By Charlie Rodríguez*

October, 2001
Copyright © 2001Charlie Rodríguez. All Rights Reserved.

Legislative Assembly leaders supporting a "constituent assembly" on status want to invest taxpayer dollars on what will amount to a futile local political sideshow. Without federal participation at each stage, the result of any status process will be delay without progress. Without engaging the White House and Congress from the outset, a local status resolution process will be little more than an exercise in collective political narcissism by Puerto Rico’s ideological elites.

In order to restore dignity, respect and realism to the status process, we need to demonstrate that Puerto Rico understands the rule of law and that we are prepared to engage the federal government on terms that are constitutionally valid. We may not like the limits of the status quo, but we cannot pretend Commonwealth is something it is not and still be taken seriously in Washington.

First, we need to understand that declaration of the "sovereignty of the people of Puerto Rico" in Article I of the Commonwealth Constitution extends only to local affairs. The same is true for the language of Article II, Section 19, regarding rights not enumerated and the power of the local legislature to promote the general welfare. These enabling provisions for local self-government are subject to the reservation of the plenary powers of Congress, as well as full residual sovereignty and supremacy in all federal affairs as defined by Congress.

Thus, it is misleading to argue that a constituent assembly convened under local law would have unlimited powers to determine matters outside the framework of the local constitution. If the powers of our local government are not limited to matters of a purely local nature, the Commonwealth government could raise an army, conduct its own foreign relations and print its own money.

Still, theoretically Puerto Rico’s local government can propose an implausible unilaterally developed status formula any time it wants. However, if Governor Sila Calderón wants to establish a constituent assembly under a local statute, it must do so in full recognition that the sovereignty of the people under the local constitution and powers of the local government do not extend to unilaterally resolving our political status.
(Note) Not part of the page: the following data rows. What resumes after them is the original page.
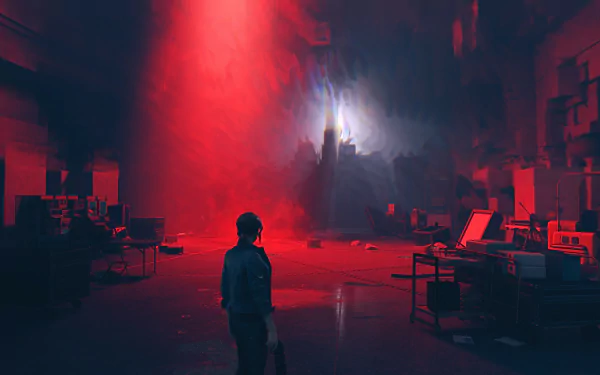 Remedy Accélère sur Control 2 avec une Production Prévue pour 2025 1 Control 2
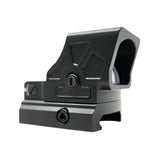Gideon Optics Storm Delta Point Pro Sight with Red Dot and Eye Relief (Black)
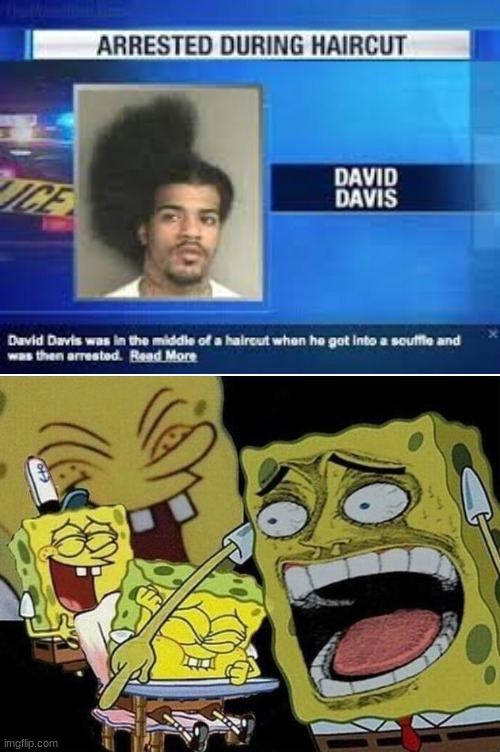 even his name is funny | image tagged in spongebob laughing hysterically,wheeze,oh wow are you actually reading these tags,stop reading the tags,i said stop,stop | made w/ Imgflip meme maker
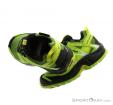 Salomon XA Pro 3D CS WP Kids Trail Running Shoes, Salomon, Zelená, , Chlapci,Dievčatá, 0018-10451, 5637483752, 0, N5-10.jpg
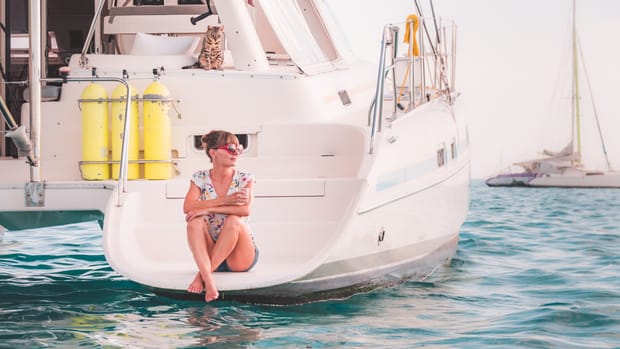 Life On A Boat – How We Get Water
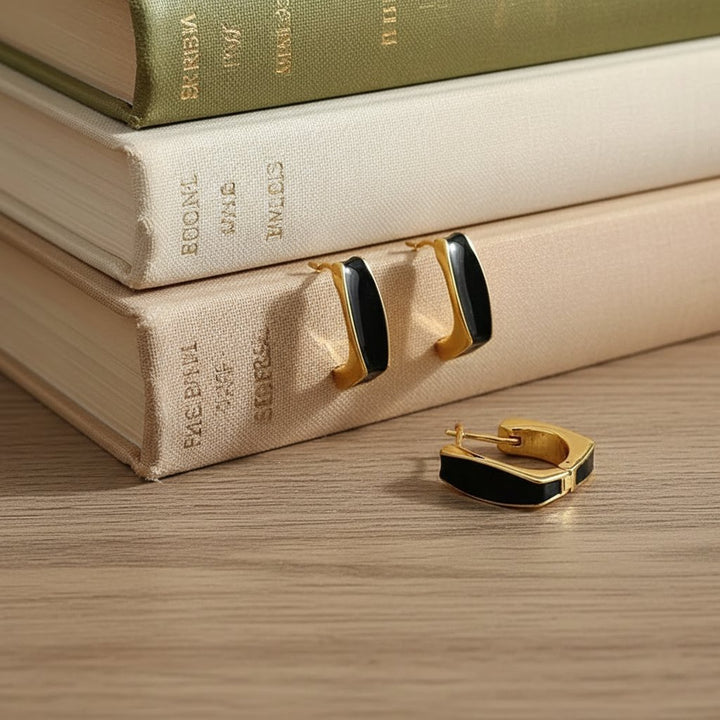 Linnea Minimalist Earrings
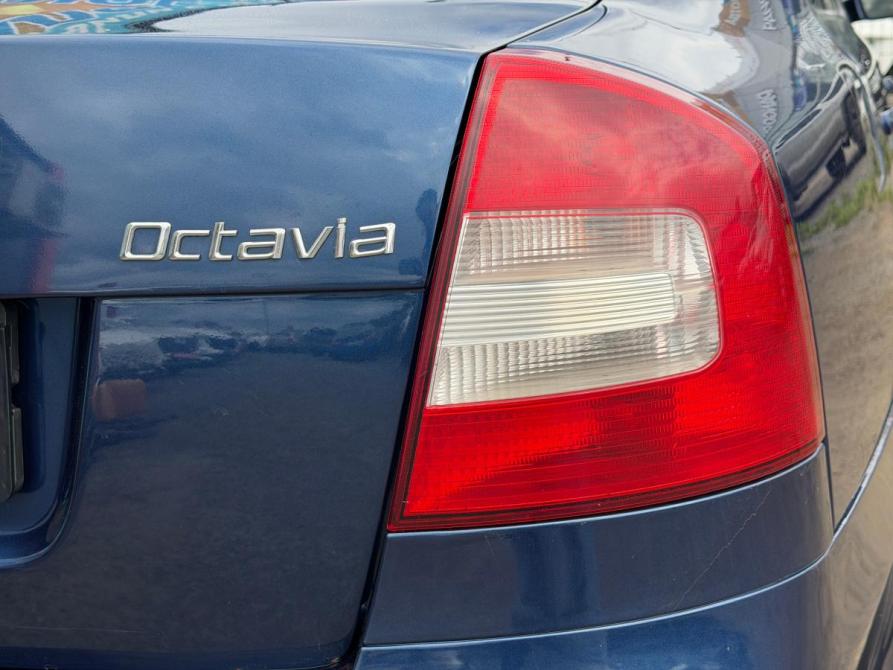 Skoda Octavia II (A5) Рестайлинг Набережные Челны  - изображение 12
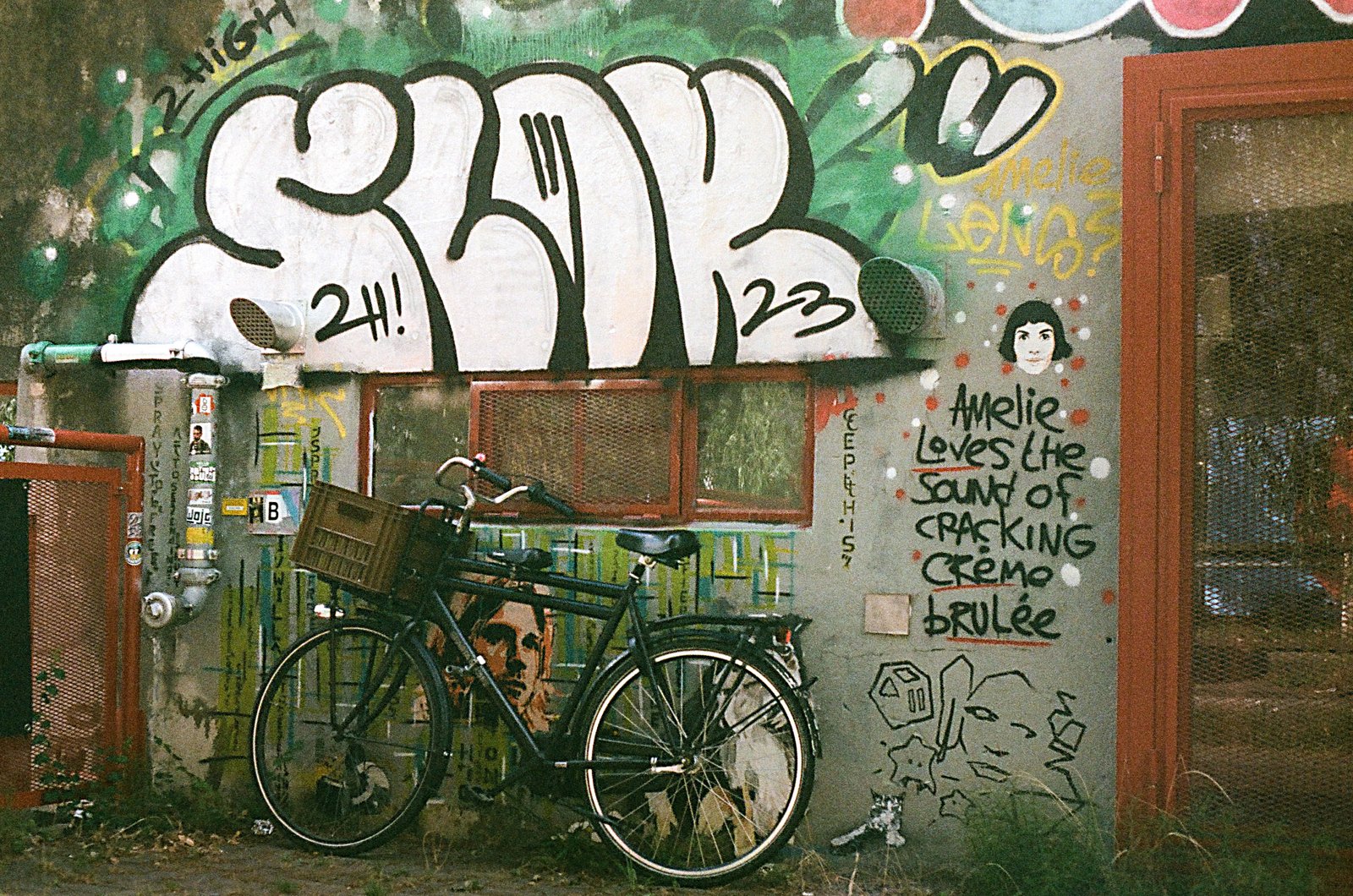 Bikes, photograph 8 of 9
This is because the question of political status involves federal law and policy with respect to which federal law is supreme. Thus, any local reservation of rights to address status issues is subject to the federal reservation of supreme powers over federal matters. The question of the ultimate status of Puerto Rico is just such a federal issue, belonging to a higher order of constitutional subjects at the federal level.

To be sure, the principle of self-determination as recognized by the U.N. and the U.S. means the residents of Puerto Rico will be given the opportunity to express their wishes as to future status options. However, the U.S. and the U.N. also recognize that the power to define the options and exercise the power to legally institute a new and permanent status is vested solely and exclusively in the U.S. as the supreme "sovereign power". That is the essence of the colonial problem.
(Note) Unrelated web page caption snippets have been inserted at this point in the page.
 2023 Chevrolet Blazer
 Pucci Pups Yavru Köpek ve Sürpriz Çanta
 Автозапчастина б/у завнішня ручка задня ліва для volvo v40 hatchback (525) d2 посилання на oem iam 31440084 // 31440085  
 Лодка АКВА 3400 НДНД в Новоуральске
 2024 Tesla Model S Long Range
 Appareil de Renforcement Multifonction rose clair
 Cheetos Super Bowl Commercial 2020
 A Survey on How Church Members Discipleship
That is also why I proposed to the President of the United States the creation of a federally sponsored political status commission in 1999, after Congress failed to enact status legislation and the 1998 plebiscite vote in Puerto Rico under local law failed to produce a clear mandate on status definitions or significant progress toward status resolution. The central elements of my proposal for a federal status commission was accepted by the President Bill Clinton, and culminated in the promulgation of Executive Order 13183, as well as the Memorandum of the President on Resolution of Puerto Rico’s status, both dated December 23, 2000. President George W. Bush ratified this initiative by upholding Executive Order 13183.

Under these instruments of Presidential authorization issued pursuant to powers vested in the federal Chief Executive by the U.S. Constitution, there currently is being organized within the White House and the Executive Branch of the federal government what amounts to a federal negotiating team to address the question of resolving Puerto Rico’s political status. The Presidential instructions to this federal status policy team are to develop status options based on a consultative process in Puerto Rico and with Congress to produce legally valid definitions of politically and constitutionally acceptable status options.
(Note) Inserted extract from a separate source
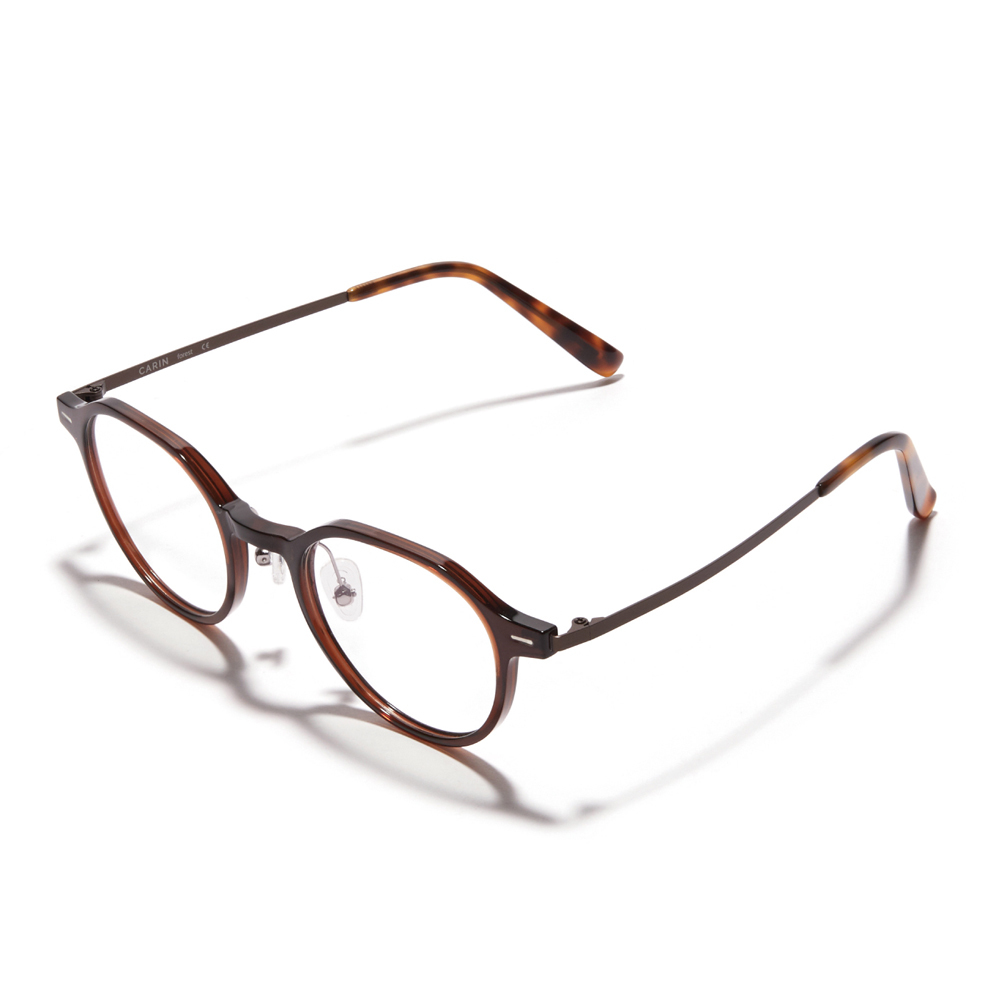 【CARIN】JACE P C2 圓框光學眼鏡♣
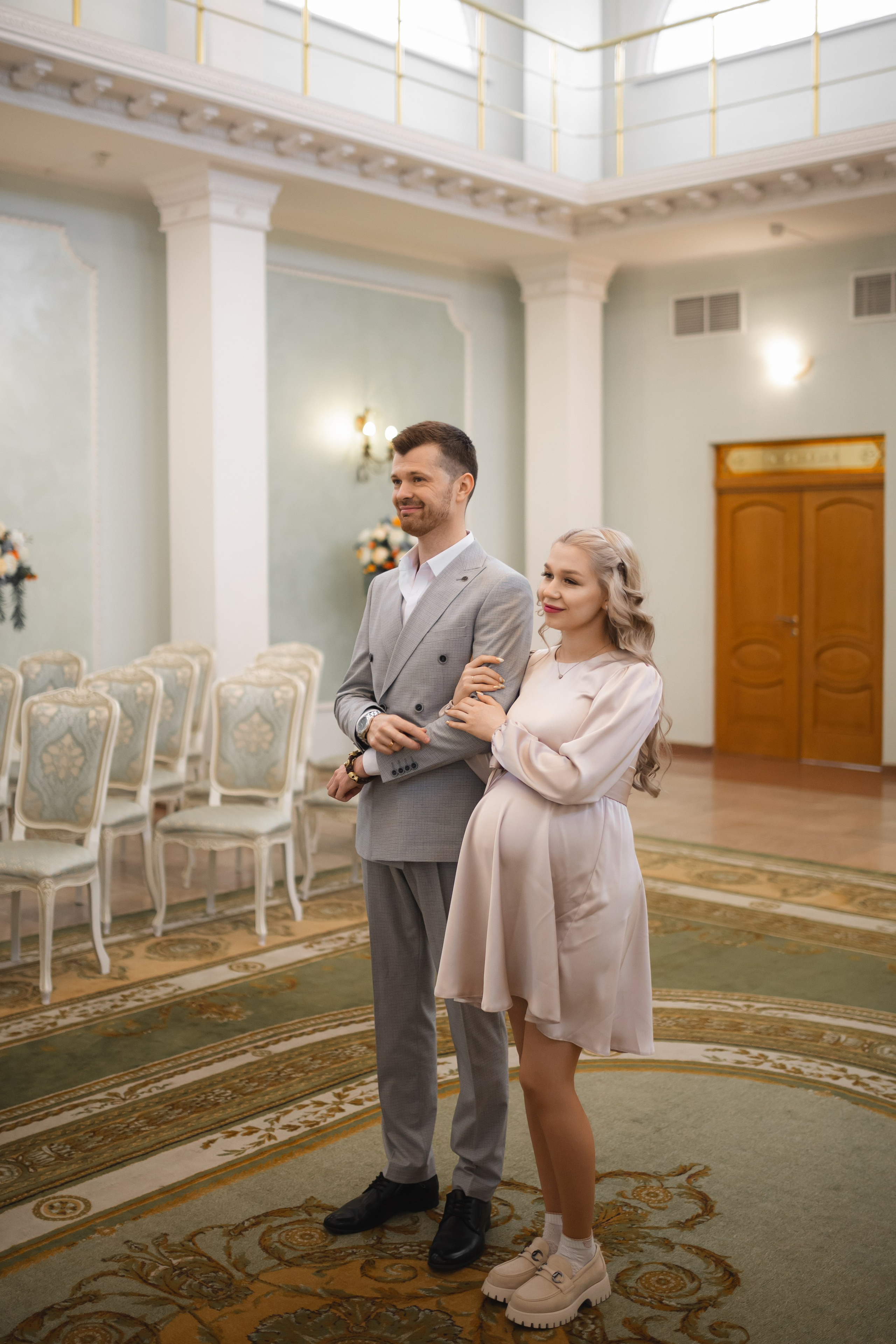 Любовь в ожидании. Свадебный и женский фотограф в Санкт-Петербурге Муртеева Екатерина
This is not the time to withdraw into an internal process. The only reason to do that would be to break the momentum that has been building in Washington for the last decades to finally afford the residents of Puerto Rico the opportunity to freely express their wishes on status.

I find it curious that some PIP leaders now claim no need for authority under local or federal law to convene a constituent assembly. During the Young Bill deliberations in Congress the PIP lobbied Congress to include a federal authorization for a constituent assembly. Congress responded to the PIP request by adding a revised provision to the Young Bill leaving the constituent assembly issue to local law. This satisfied no one, but the attempt by the PIP to get permission from our "colonial masters" speaks volumes about the lack of any legal basis to address status in a constituent assembly without federal authorization.

Pretending we are a sovereign republic on Monday, presenting ourselves as "one of the family" seeking domestic economic benefits on Wednesday, and demanding the Congress to accept an internally and unilaterally determined status formula on Friday, is not smart federal relations strategy. We can do better, and the first step is to resume active work with the White House in implementation of Executive Order 13183 in cooperation with the Bush Administration.

That is the orderly, legitimate, open, honest and fair thing to do to promote self-determination and status resolution for Puerto Rico. I hereby call on the leaders in the Legislative Assembly and the Governor to adopt this strategy in order to make progress toward full self-government and a non-territorial status.

*Charlie Rodríguez, the former President of the Puerto Rico Senate, practices law in San Juan.